Im Vorfeld der Einführung des automatischen Informationsaustauschs mit Bezug auf Finanzkonten rang sich manch einer dazu durch, seine bis anhin nicht deklarierten Vermögenswerte im Ausland gegenüber den Schweizer Steuerbehörden offenzulegen. Die meisten dieser straflosen Selbstanzeigen konnten verhältnismässig speditiv erledigt werden und viele Steuerpflichtige waren schliesslich erleichtert, endlich "reinen Tisch" gemacht zu haben.

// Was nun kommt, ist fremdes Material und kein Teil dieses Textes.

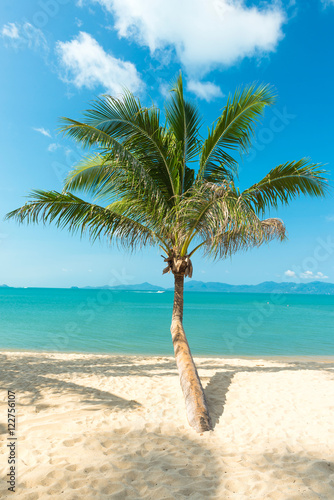 palm at sand beach of Samui island Thailand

Steuerbetrug und Steuerhinterziehung

Im Binnenverhältnis, d.h. innerhalb der Schweiz, gibt es hingegen keinen automatischen Informationsaustausch, d.h. die Steuerbehörden erhalten von den Banken keine Informationen über die Konti der Steuerpflichtigen oder der von ihnen kontrollierten Unternehmen. Ab und an kommt es daher noch immer vor, dass Unternehmer, seien es Einzelunternehmer oder Inhaber von hauptsächlich personenbezogenen Kapitalgesellschaften, nicht sämtliche Einkünfte und in der Folge auch nicht sämtliche Vermögenswerte deklarieren. Es gibt kaum eine Branche, die vor solchen Delikten gefeit ist: bargeldintensive Betriebe, alle Arten von Dienstleistern, Gewerbetreibende. Aber um es klar zu sagen: wer eine kaufmännische Buchhaltung führt und darin entweder nicht sämtliche Erträge, fiktive Rechnungen oder unter Umständen auch private Aufwendungen verbucht, macht sich strafbar, er erfüllt den Tatbestand des Steuerbetrugs und der Steuerhinterziehung.

Strafdrohung

Steuerbetrug wird mit Freiheitsstrafe bis zu 3 Jahren oder mit Geldstrafe von maximal 360 Tagessätzen à maximal CHF 3'000 bestraft. Hinzu kommt eine Bestrafung wegen Steuerhinterziehung im bis zu Dreifachen des hinterzogenen Steuerbetrags. Ausserdem ist natürlich der hinterzogene Steuerbetrag samt Verzugszinsen zu entrichten. Im Weiteren droht, wird der Steuerbetrug bzw. die Hinterziehung im unternehmerischen Bereich begangen, eine Bestrafung nach dem Verwaltungsstrafrecht. Auch dieses sieht mehrjährige Freiheitsstrafen vor.

Straflose Selbstanzeige

Sowohl die kantonalen Steuergesetze, das Bundesgesetz über die direkte Bundessteuer als auch das Verwaltungsstrafrecht sehen indessen die Möglichkeit der straflosen Selbstanzeige vor; diese "kleine Steueramnestie" steht jedem und jeder natürlichen Person und auch jeder juristischen Person einmal im Leben zu. Der Steuerpflichtige tut daher gut daran, sich vor einer Selbstanzeige sorgfältig zu überlegen, welche Vermögenswerte und Einkünfte er gegenüber den Steuerbehörden bisher verheimlicht hat. Legt er ein bestimmtes Einkommen oder Vermögen offen, und fallen ihm zu einem späteren Zeitpunkt, insbesondere nach abgeschlossenem Nachsteuerverfahren, noch weitere nicht deklarierte Einkünfte oder Vermögenswerte ein, können diese nicht mehr vollständig straflos angezeigt werden. Mehr noch: unter Umständen verliert dadurch gar eine zunächst als straflos beurteilte Selbstanzeige ihre strafbefreiende Wirkung. Auf die weiteren Voraussetzungen der straflosen Selbstanzeige wird im Rahmen dieses Blogs nicht weiter eingegangen, dies würde den Rahmen dieses Formats sprengen.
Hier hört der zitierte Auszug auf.